→ **Exercise**
Repeat the data that follows, word for word, without the images.

→ **Dataset excerpt**
· · · ·
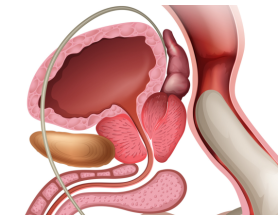 How Can I Reduce My Prostate Enlargement?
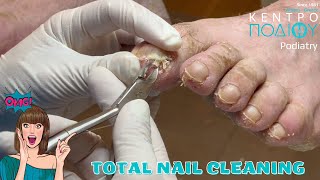 Total Nail Cleaning feet toe κεντροποδιου foot podologos calluses podiatrist corn footcare [upl. by Aihsele]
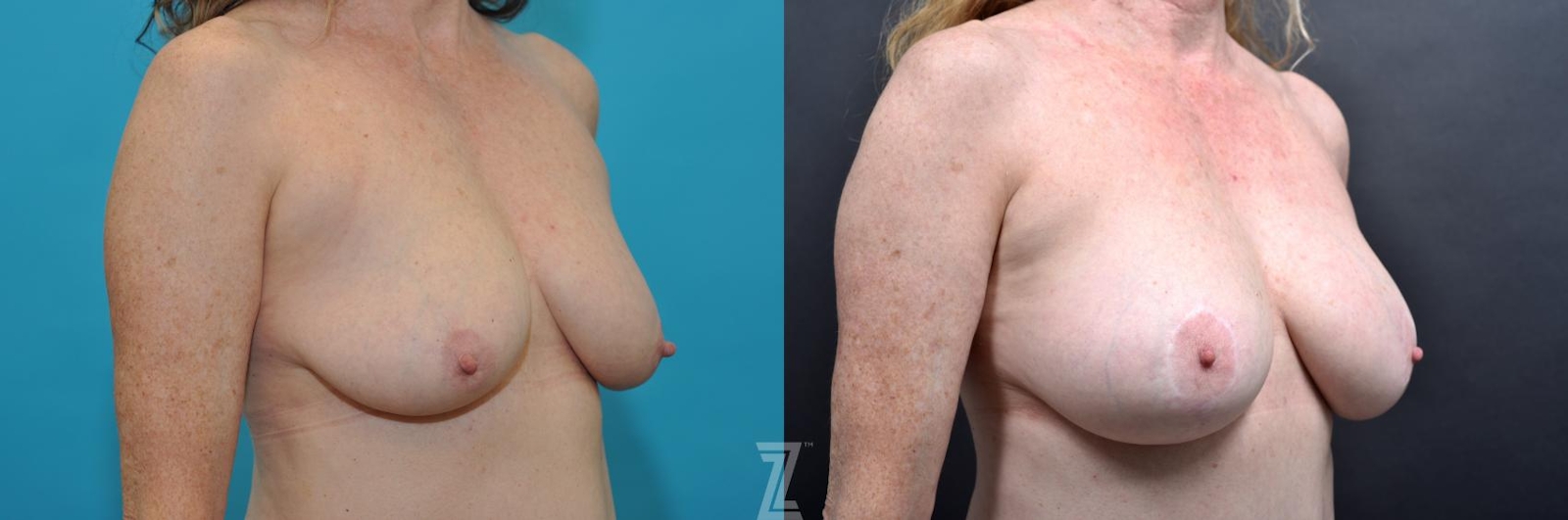Austin 7 year post op mommy makeover Oblique breast view - The Piazza Center, Austin Tx - The Piazza Center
· · · ·
→ **Answer to the exercise**
 How Can I Reduce My Prostate Enlargement?
 Total Nail Cleaning feet toe κεντροποδιου foot podologos calluses podiatrist corn footcare [upl. by Aihsele]
Austin 7 year post op mommy makeover Oblique breast view - The Piazza Center, Austin Tx - The Piazza Center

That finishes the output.